▸ Problem details:
Restate the listing below exactly, images excluded.

Segment Start: Data

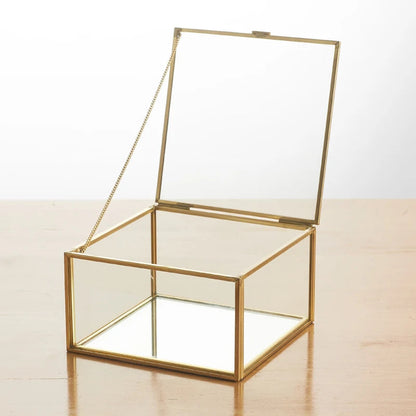 Boîte à bijoux Le Cube - Ecrin de rangement en verre et métal doré - Garde Bijoux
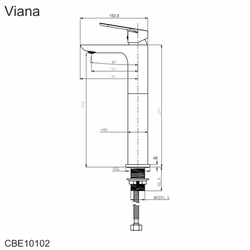 MEREO Umyvadlová stojánková baterie vysoká, Viana, bez výpusti, chrom (CBE10102)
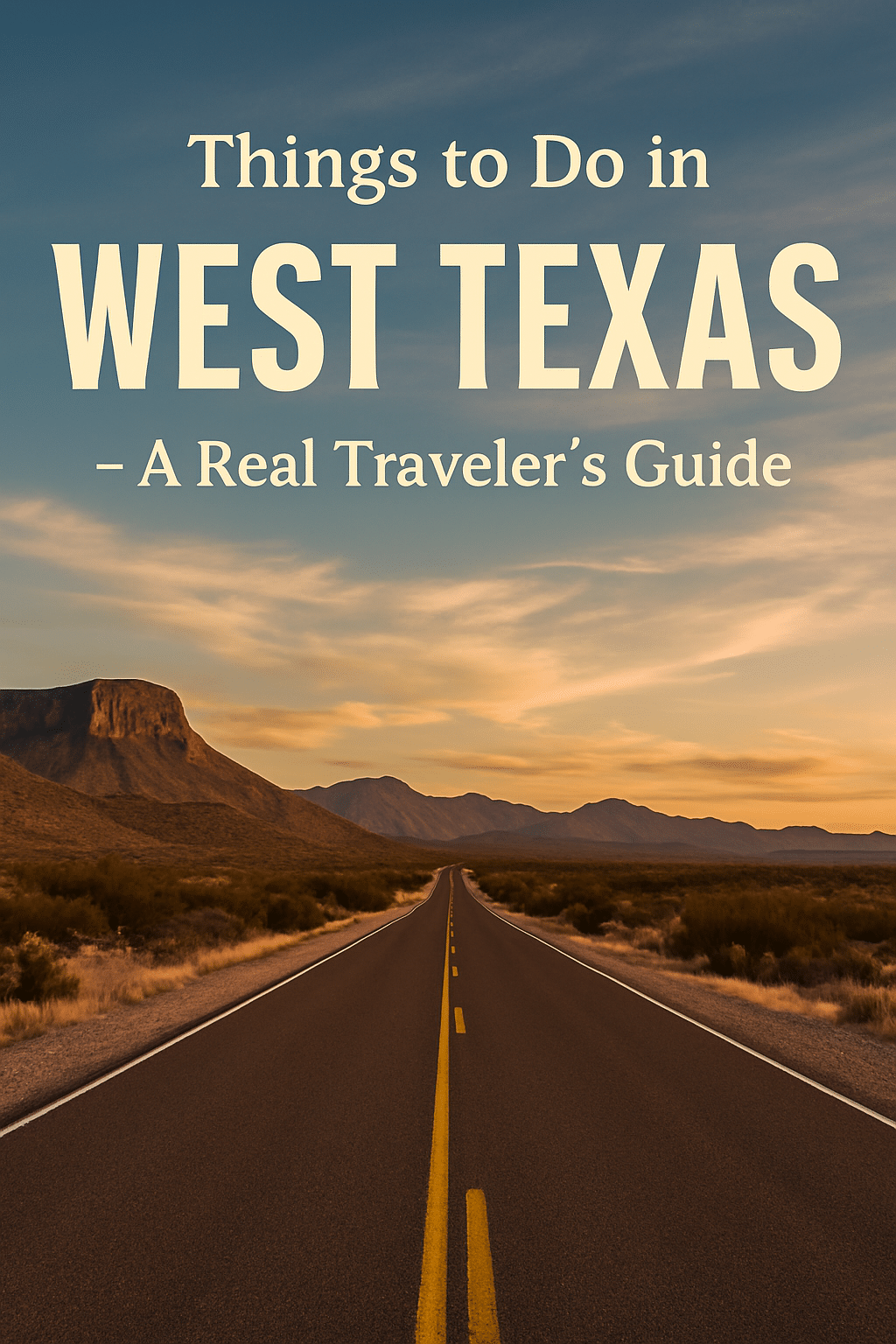 Scenic open highway at sunset in West Texas, surrounded by desert and mountains – perfect for a road trip exploring top things to do in West Texas.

Segment End: Data

▸ Result:
 Boîte à bijoux Le Cube - Ecrin de rangement en verre et métal doré - Garde Bijoux
 MEREO Umyvadlová stojánková baterie vysoká, Viana, bez výpusti, chrom (CBE10102)
 Scenic open highway at sunset in West Texas, surrounded by desert and mountains – perfect for a road trip exploring top things to do in West Texas.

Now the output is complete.